A struggle to be recognized
“This is your parents fault,” said a man heading into mass. He was speaking to Stan Doherty, a survivor who was holding a sign outside of the church. “You can’t blame the priests for this.”
Doherty said the man, who declined to give his name, makes this comment most weeks before walking into the church. Doherty, like many survivors, is used to hearing taunts from passersby. He’s used to being told to “get over it.”
He comes anyway.
Doherty said the survivors’ presence makes church officials nervous, which he said means they’re doing something right. Even though their protests were peaceful, Doherty believes church officials called the Boston police on them, and remembers the police being confused at the peaceful nature of the protests when they arrived at the church.

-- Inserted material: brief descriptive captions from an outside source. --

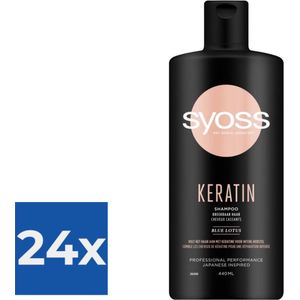 Syoss - Shampoo - Keratin - 440ml x 24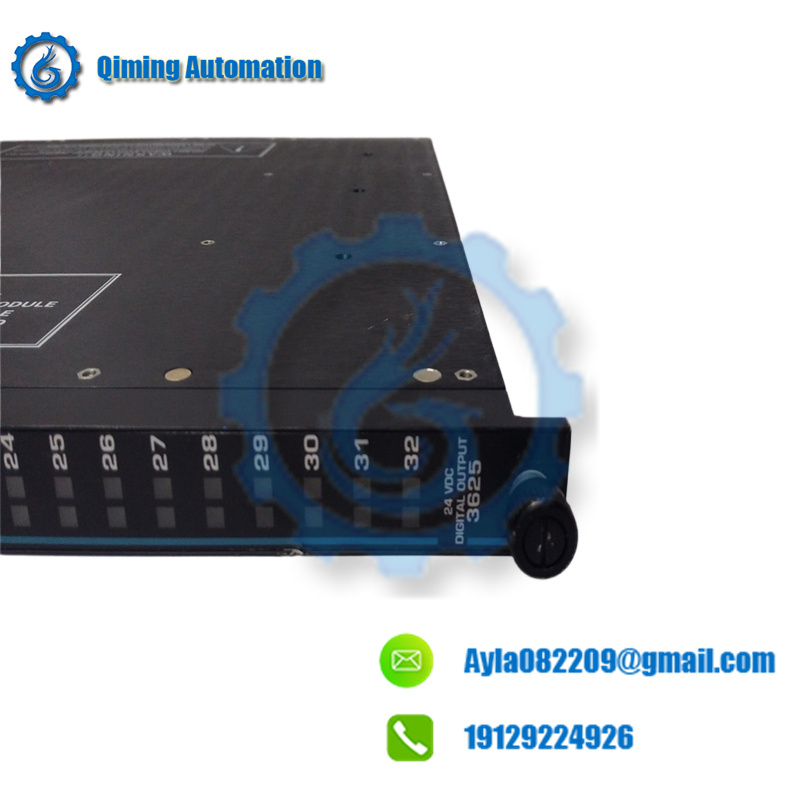 TRICONEX 3625 (TMR) digital input/output module 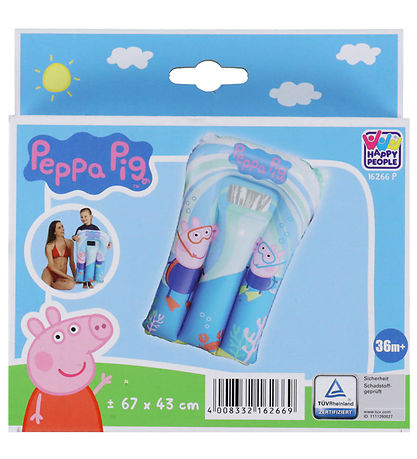 Peppa Pig Kickboard - Blue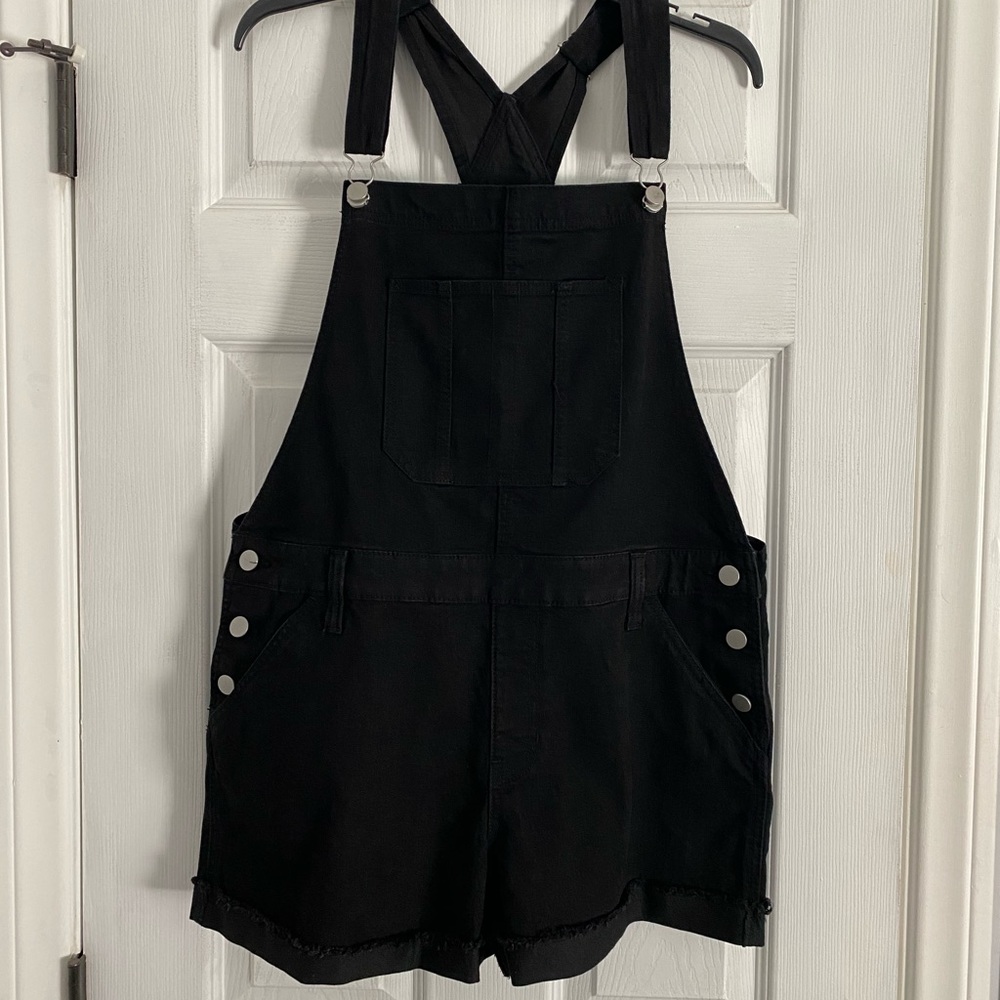 Black Overalls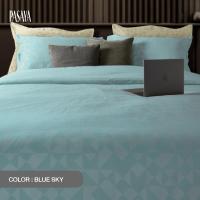 ราคา PASAYA ชุดผ้าปูที่นอน 5 ฟุต QUEEN Set 3 ชิ้น JAZZ BLUE COLLECTION 650 Series (16199823203)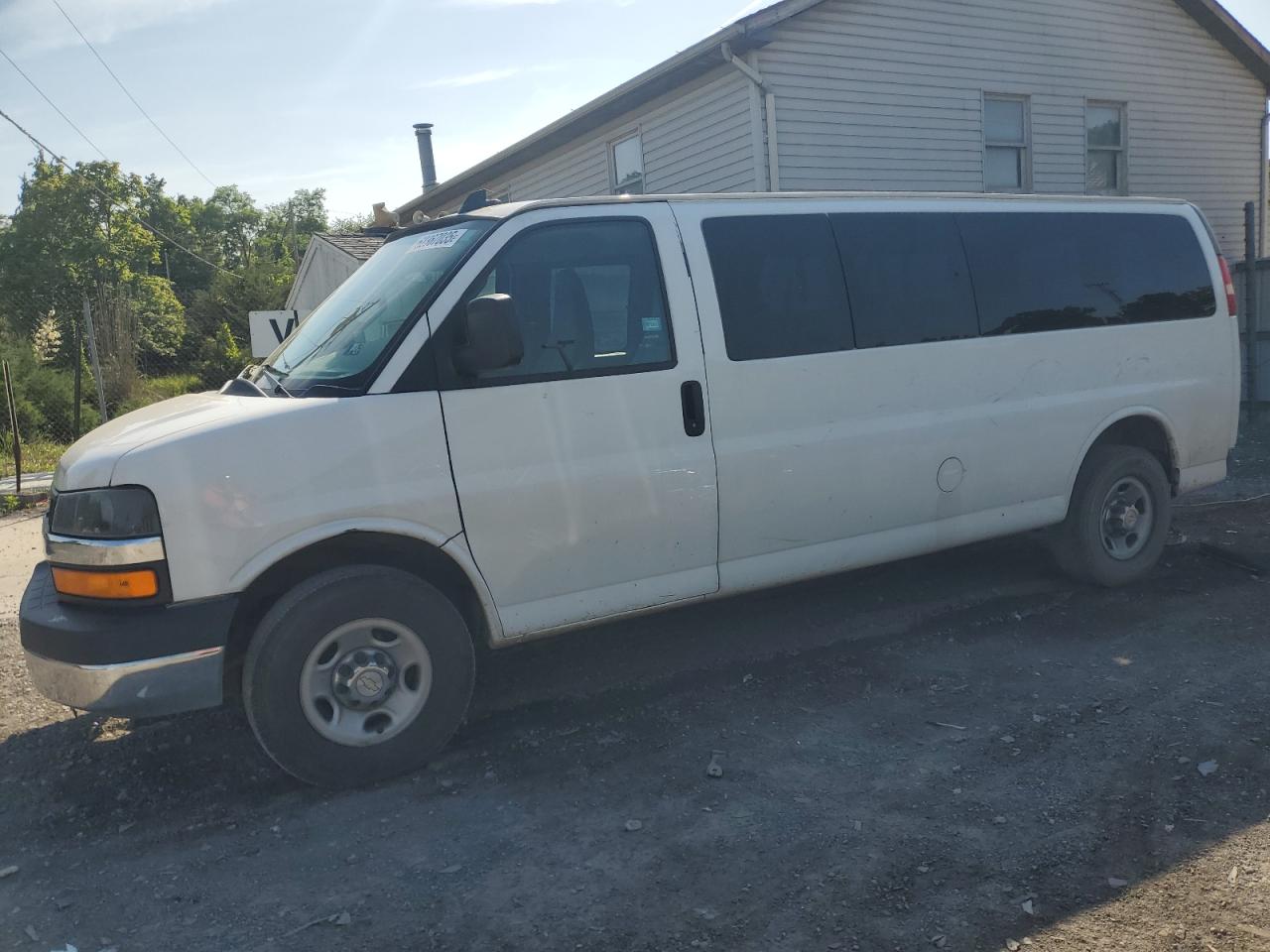 2016 Chevrolet Express 3500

“I would say, ‘you’ve seen our average age,’” he said. “We can’t do anything.”
Terrence Donilon, communications secretary for the Boston Archdiocese, said the church knows the survivors gather outside the Cathedral of the Holy Cross each week.
“The Church continues to work to heal the wounds of clergy sexual abuse by remaining vigilant in its child protection programs and in providing pastoral support for survivors and families impacted,” he said.
James Flynn, an adult altar server at the church, said he’s seen the survivors every Sunday, but doesn’t mind their presence.
“It was tragic that happened, but the church learned a valuable lesson,” he said. “As an altar server, I go to classes to know that that’s wrong, as does everyone else in the church. We are moving forward.”
Just yards away, Dwyer held a sign that read “You cannot move from a place you deny you are.”
See you next Sunday
This vigil, like all the others, was informal. The survivors who felt compelled to speak addressed the group. But the survivors also said it was important to remember those who couldn’t be with them.
“I don’t want to bring it here, but I have to,” Dwyer said. “Sexual abuse tortures us. There are many who have gone to their graves never telling. There are many who have taken their own lives.”
The survivors carry their names on pieces of paper as they walk the perimeter of the church while also holding signs with the faces of the child victims. After they finished their march, the survivors stopped in front of the Cathedral of the Holy Cross sign to pose for a photo. They held up their posters and smiled, not because of where they were, but because they were together.
After the photo, some of the survivors said quiet goodbyes and left. When only a handful remained outside, a procession of the church’s clergy members and parishoners began to approach on the sidewalk.
“Get the posters out,” Doherty said. “We have a parade coming.”
A single-file line of parishioners from the church rounded the corner towards the survivors. They were led by altar boys wearing white robes and swinging gold censers with incense. The survivors looked the priests in the eyes. The priests looked down at their sheet music.
Some parents put their hands around their childrens’ shoulders and held them close. The kids looked at the posters, at the black-and-white faces of children their age, before walking back into the church.
Those children, Kellen said, are the reason why the survivors will continue to stand in front of the church every week.